◆ Task item
Would you repeat the entries below word for word and omit the pictures?

(Scraped caption text data)

++++++++

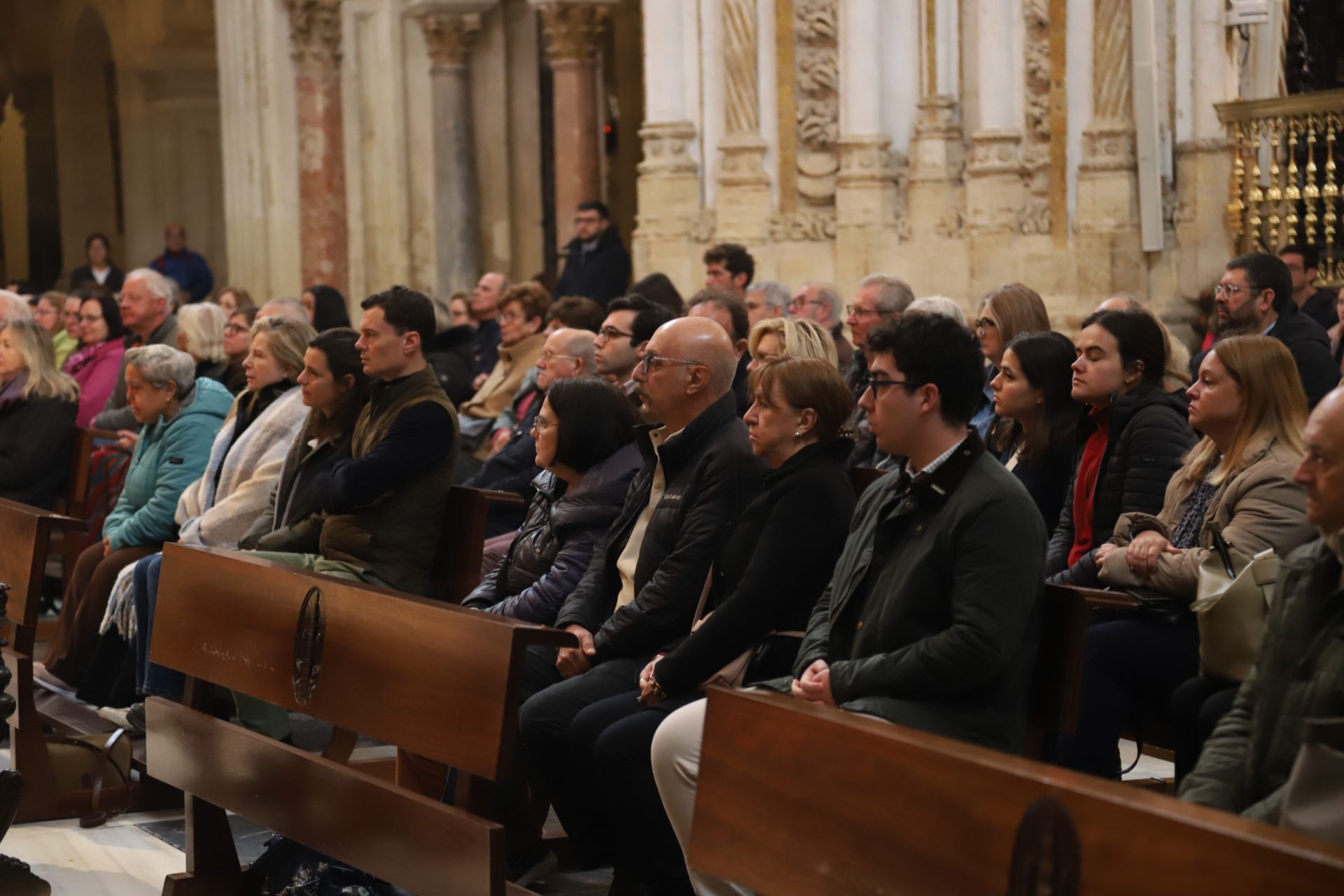 La misa del Miércoles de Ceniza en la Catedral de Córdoba, en imágenes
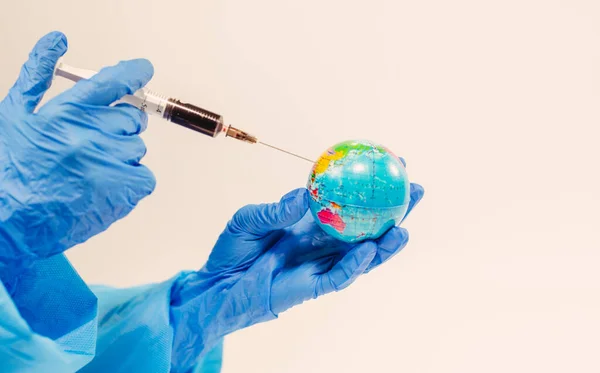 Virus Der Arzt Spritzt Dem Planeten Erde Eine Spritze — Stockfoto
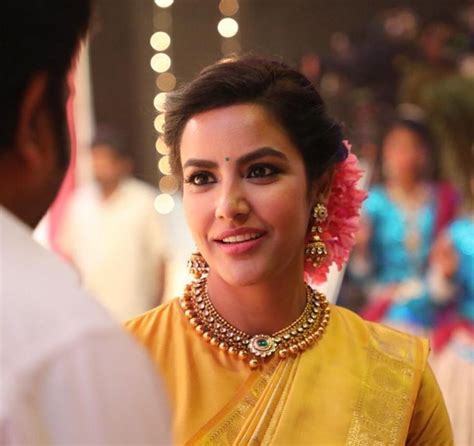 Priya Anand Stunning Look In A Traditional Saree Goes Viral On Social Media Thenewscrunch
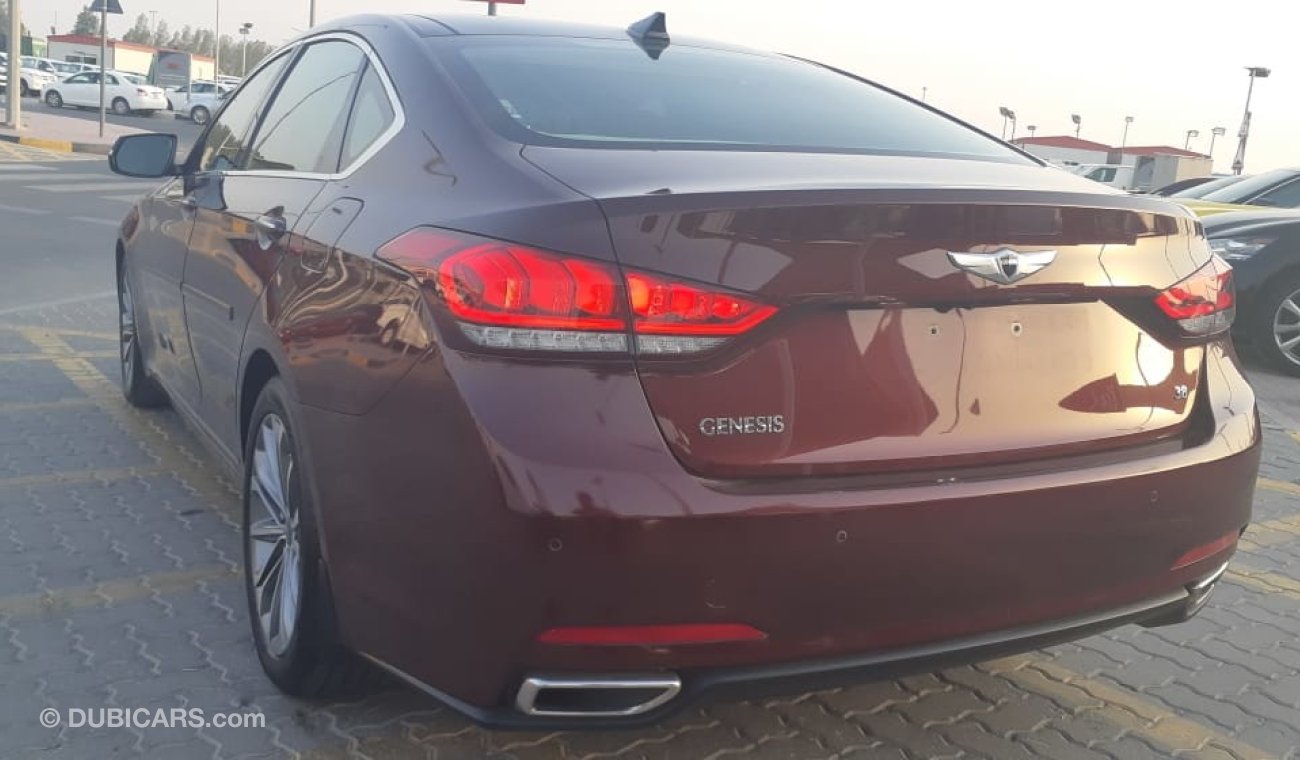 Hyundai Genesis Car is in mint condition Full options with panaromic roof 3.8 V6  For more details about this car Co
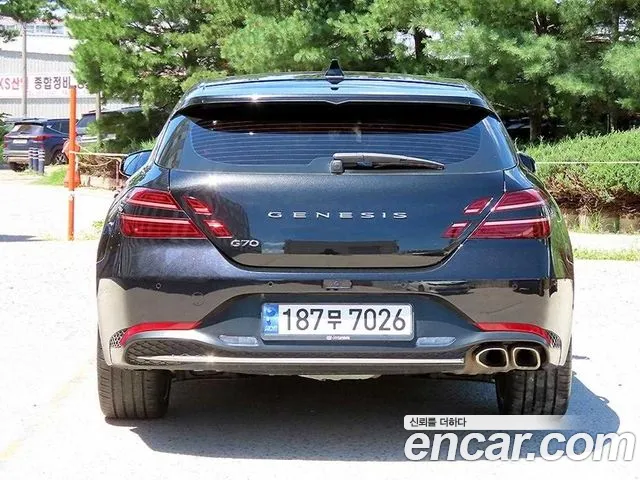 Genesis G70 — Фото автомобиля 4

++++++++

◆ Reply
 La misa del Miércoles de Ceniza en la Catedral de Córdoba, en imágenes
 Virus Der Arzt Spritzt Dem Planeten Erde Eine Spritze — Stockfoto
 Priya Anand Stunning Look In A Traditional Saree Goes Viral On Social Media Thenewscrunch
 Hyundai Genesis Car is in mint condition Full options with panaromic roof 3.8 V6  For more details about this car Co
 Genesis G70 — Фото автомобиля 4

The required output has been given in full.